Augustissimam beatissimi
Che la maestosa sacra basilica, fondata dall'imperatore Costantino in onore del beatissimo Apostolo Paolo maestro delle genti, ampliata dal grande Teodosio, arricchita dall'imperatore Onorio e dai Romani Pontefici Nostri Predecessori continuamente restaurata con assiduo impegno e con enormi spese ornata per un culto più fastoso, sia stata devastata da un improvviso incendio, nessuno certamente è tanto e di tutto ignora che non lo sappia, nessuno è di animo così insensibile che non si dolga vivamente di quella rovina, vista o risaputa che sia.
Alla ricostruzione di quel tempio grandioso volse ogni cura e tutti i suoi pensieri il devotissimo Leone XII Nostro Predecessore di felice memoria il quale, infiammato dall'ardente desiderio di riparare quell'antichissima mole, ritenne di non dover risparmiare a se stesso nessuna spesa e nessuna decisione, purché il più grande monumento della Religione Cattolica, restituito all'antica forma, risorgesse e rifulgesse del maggiore splendore possibile.
Pertanto, per condurre a termine un'impresa così imponente, decretò che l'erario pontificio, malgrado fosse quasi esausto per le tante calamità occorsegli, dovesse investire ogni anno una ingente somma di danaro.
Poiché si avvide che una così insigne impresa richiedeva quelle enormi sovvenzioni, cui le ristrettezze dell'erario pontificio potevano far fronte in minima parte, fidando nel divino aiuto, non si perse d'animo, intraprese l'opera e alle province di tutto il mondo cristiano inviò una lettera enciclica con la quale stimolò e infiammò con grande vigore gli animi dei fedeli di Cristo, in modo che tutti offrissero una mano soccorrevole ad una così grande impresa.
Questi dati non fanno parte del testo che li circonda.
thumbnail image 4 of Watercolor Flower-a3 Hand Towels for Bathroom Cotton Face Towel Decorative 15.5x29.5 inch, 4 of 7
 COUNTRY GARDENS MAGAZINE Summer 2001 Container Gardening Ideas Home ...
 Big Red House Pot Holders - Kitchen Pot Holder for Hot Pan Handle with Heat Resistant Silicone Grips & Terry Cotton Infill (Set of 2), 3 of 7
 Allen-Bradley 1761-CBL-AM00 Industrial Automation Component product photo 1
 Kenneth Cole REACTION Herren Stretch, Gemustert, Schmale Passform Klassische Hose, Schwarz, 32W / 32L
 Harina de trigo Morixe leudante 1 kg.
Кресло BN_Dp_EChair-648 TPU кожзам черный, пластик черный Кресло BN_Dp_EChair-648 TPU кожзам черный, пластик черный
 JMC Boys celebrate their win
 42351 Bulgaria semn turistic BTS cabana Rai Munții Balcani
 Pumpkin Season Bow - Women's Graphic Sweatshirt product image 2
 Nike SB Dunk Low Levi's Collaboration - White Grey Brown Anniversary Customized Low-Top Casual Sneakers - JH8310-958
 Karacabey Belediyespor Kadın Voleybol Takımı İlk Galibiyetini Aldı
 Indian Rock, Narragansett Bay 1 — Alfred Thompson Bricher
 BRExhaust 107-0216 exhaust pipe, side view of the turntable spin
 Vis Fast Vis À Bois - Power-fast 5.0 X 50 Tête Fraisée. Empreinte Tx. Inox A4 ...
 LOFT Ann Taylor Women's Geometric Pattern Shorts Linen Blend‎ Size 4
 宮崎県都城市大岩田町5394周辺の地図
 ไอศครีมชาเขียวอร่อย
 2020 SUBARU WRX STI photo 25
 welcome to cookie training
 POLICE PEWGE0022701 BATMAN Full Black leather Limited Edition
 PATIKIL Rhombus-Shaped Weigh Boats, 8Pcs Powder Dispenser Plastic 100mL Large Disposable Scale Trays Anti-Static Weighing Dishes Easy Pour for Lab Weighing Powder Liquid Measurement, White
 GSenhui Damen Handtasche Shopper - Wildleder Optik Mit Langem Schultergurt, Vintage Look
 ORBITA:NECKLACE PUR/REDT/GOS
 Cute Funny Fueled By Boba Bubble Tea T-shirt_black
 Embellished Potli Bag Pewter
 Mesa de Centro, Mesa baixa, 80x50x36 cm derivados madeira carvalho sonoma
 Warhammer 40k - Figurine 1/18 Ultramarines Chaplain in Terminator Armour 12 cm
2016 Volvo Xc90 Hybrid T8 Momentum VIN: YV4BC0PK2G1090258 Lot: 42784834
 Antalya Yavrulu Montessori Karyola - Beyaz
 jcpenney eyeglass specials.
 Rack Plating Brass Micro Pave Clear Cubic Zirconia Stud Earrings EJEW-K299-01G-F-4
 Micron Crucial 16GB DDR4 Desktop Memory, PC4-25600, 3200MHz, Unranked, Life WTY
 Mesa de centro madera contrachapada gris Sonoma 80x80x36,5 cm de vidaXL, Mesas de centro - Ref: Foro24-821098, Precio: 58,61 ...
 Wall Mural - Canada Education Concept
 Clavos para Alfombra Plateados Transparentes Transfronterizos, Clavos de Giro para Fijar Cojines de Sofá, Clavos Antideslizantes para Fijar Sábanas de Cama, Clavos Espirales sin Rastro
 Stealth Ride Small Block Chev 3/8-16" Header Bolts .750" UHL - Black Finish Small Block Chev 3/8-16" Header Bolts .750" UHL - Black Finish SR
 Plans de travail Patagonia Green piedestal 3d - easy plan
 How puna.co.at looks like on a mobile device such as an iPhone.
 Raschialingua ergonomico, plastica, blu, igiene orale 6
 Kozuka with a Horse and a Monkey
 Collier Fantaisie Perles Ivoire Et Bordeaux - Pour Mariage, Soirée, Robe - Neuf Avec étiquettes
Né i voti di quel Pontefice riuscirono vani; infatti, raccolta in tutto il mondo cattolico una notevole somma di danaro, inviata poi all'Urbe, quest'opera, iniziata con favorevoli auspici e continuata dal Nostro Predecessore Pio VIII di felice memoria nel brevissimo lasso di tempo in cui resse il Pontificato, fu vista progredire assai felicemente con unanime gioia di tutti.
Quando poi, senza alcun nostro merito, ma per arcano disegno della divina Provvidenza, in tanta inclemenza di tempi e fra tante sconvolgenti vicende fummo elevati a questa Cattedra di Pietro, fra i più gravi e grandi impegni e sollecitudini da cui siamo occupati e quasi sopraffatti, nulla davvero a noi di meglio, nulla di più grato e di più desiderabile poteva esistere che compiere ogni sforzo per ultimare rapidamente il nobilissimo tempio dell'Apostolo Paolo, che tutti onoriamo con somma venerazione.
Perciò con particolare ostinato impegno predisponemmo tutte le risorse dell'arte e dell'operosità e nulla lasciammo intentato, pur di condurre all'esito ambito l'opera grandiosa.
E sebbene in questi tempi travagliati un assai gravoso dispendio dissanguasse quasi il Nostro erario pontificio e a poco a poco venissero a mancare le offerte che generosamente la pietà dei fedeli di Cristo mandava per restaurare la basilica Ostiense, tuttavia la costruzione della splendida opera, non solo non interrotta ma anzi affrettata con uno sforzo più alacre e fiducioso, induce a sperare che in pochi anni si possa ammirare quel tempio in ogni sua parte condotto a termine.
Ne deriva che con incredibile gioia del Nostro animo abbiamo potuto inaugurare con sacre cerimonie, il 5 ottobre, insieme con i Venerabili Nostri Fratelli Cardinali di Santa Romana Chiesa ( e dubitavamo che tale evento potesse compiersi ) il lato trasversale della nuova costruzione già completato con straordinaria perizia e abbiamo potuto consacrare con rito solenne l'altare centrale, venerato soprattutto per il santissimo sepolcro di Paolo e nobilitato da un antichissimo fornice, prodigiosamente salvato e sottratto al furore dell'incendio e ora restaurato con raffinata intelligenza mentre annunciamo l'evento al mondo cattolico, vivamente esultiamo e Ci rallegriamo nel Signore.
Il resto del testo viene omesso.